• _EXERCISE DATA_
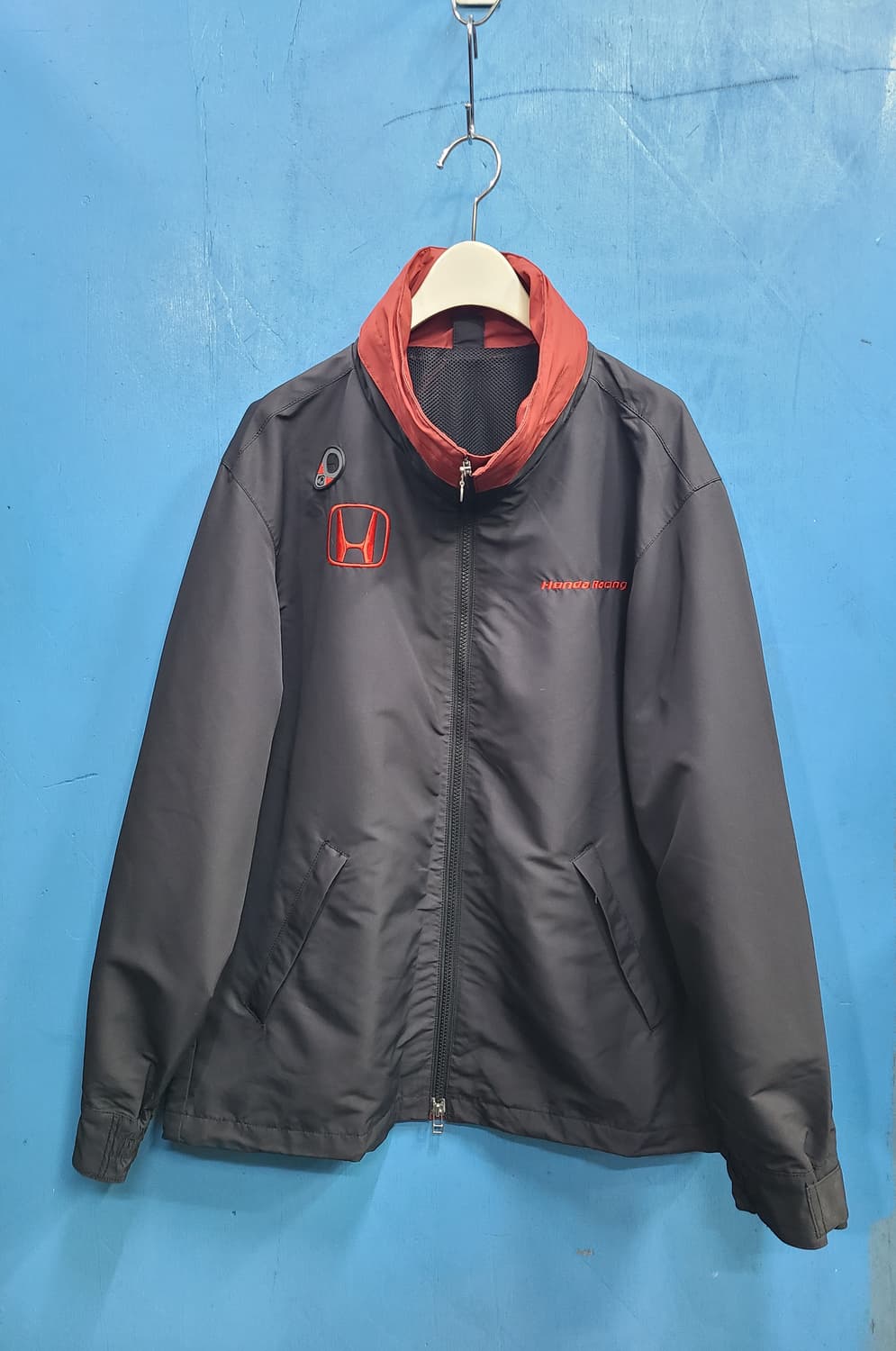 희귀 빈티지 재팬 혼다 레이싱바람막이자켓 상품이미지3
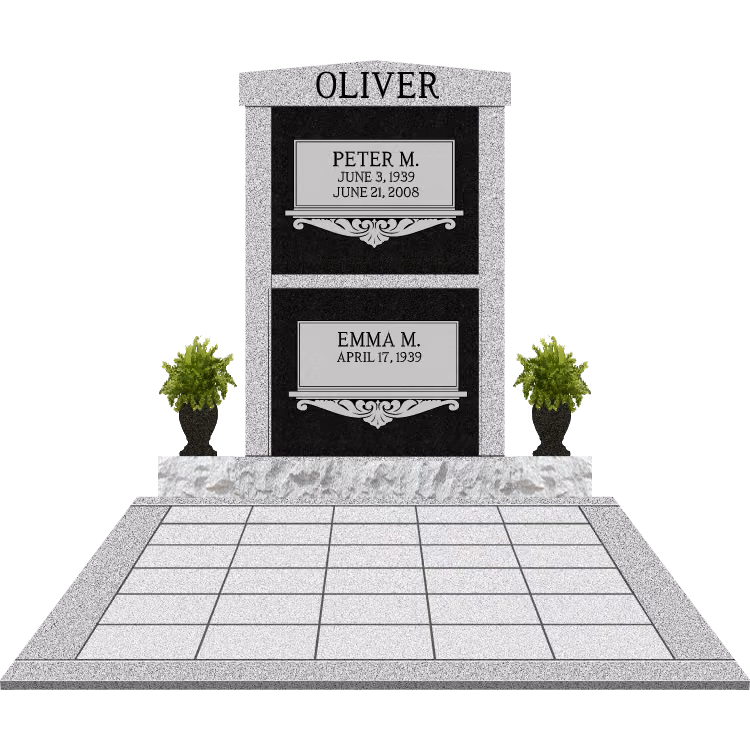 SD-811 Setup C_SDP Template 1 — memorial design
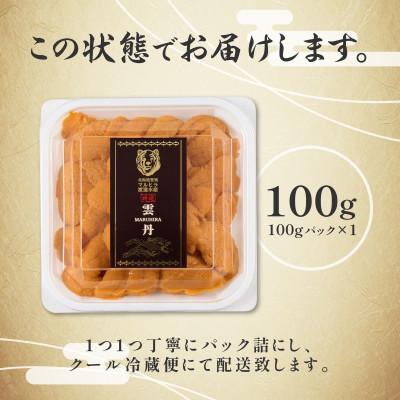 ふるさと納税 登別市 蝦夷ばふんうにパック詰 100g×1枚 |  | 03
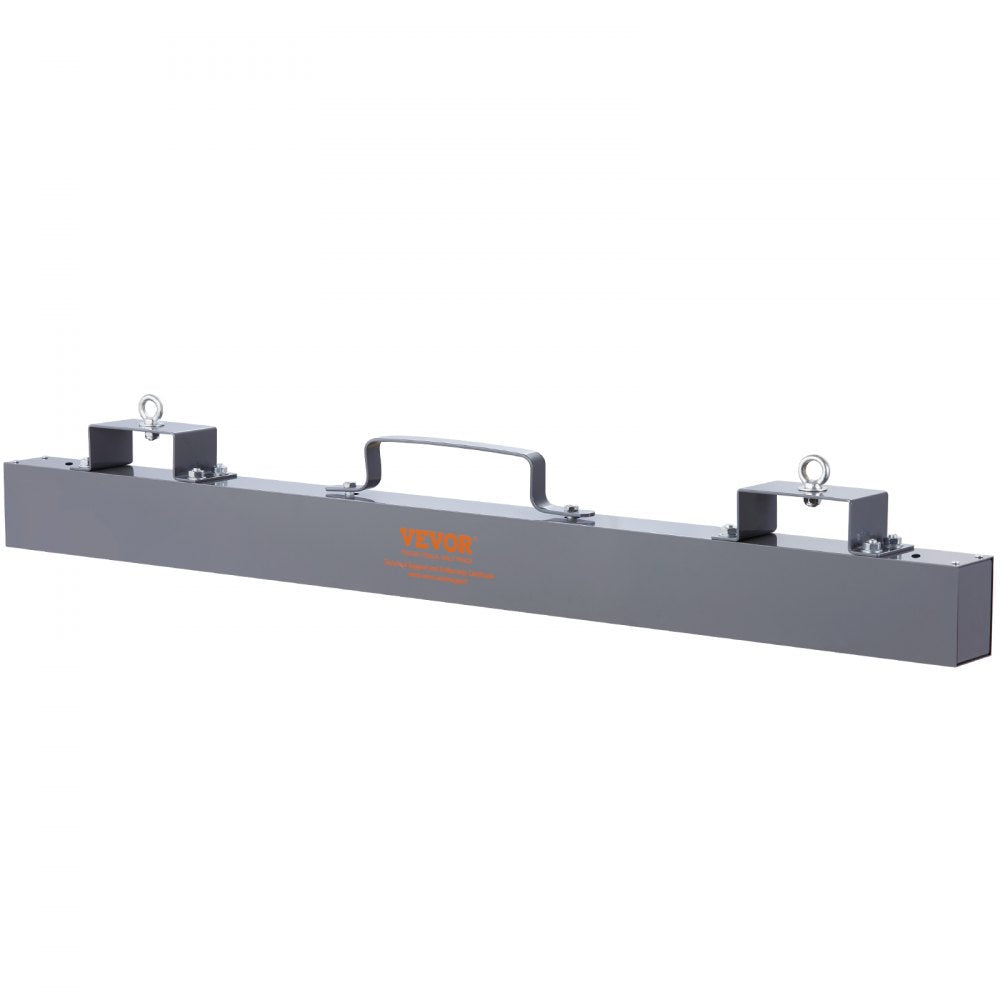 QJ8013-36″ - 36" Magnetic Sweeper for Forklifts, Easy Debris Removal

• _TASK OBJECTIVE_
Output a verbatim copy of the lines from the line containing "SD-811 Setup C_SDP" through the end of the data, both included, without any images.

• _RESPONSE TO THE EXERCISE_
 SD-811 Setup C_SDP Template 1 — memorial design
 ふるさと納税 登別市 蝦夷ばふんうにパック詰 100g×1枚 |  | 03
 QJ8013-36″ - 36" Magnetic Sweeper for Forklifts, Easy Debris Removal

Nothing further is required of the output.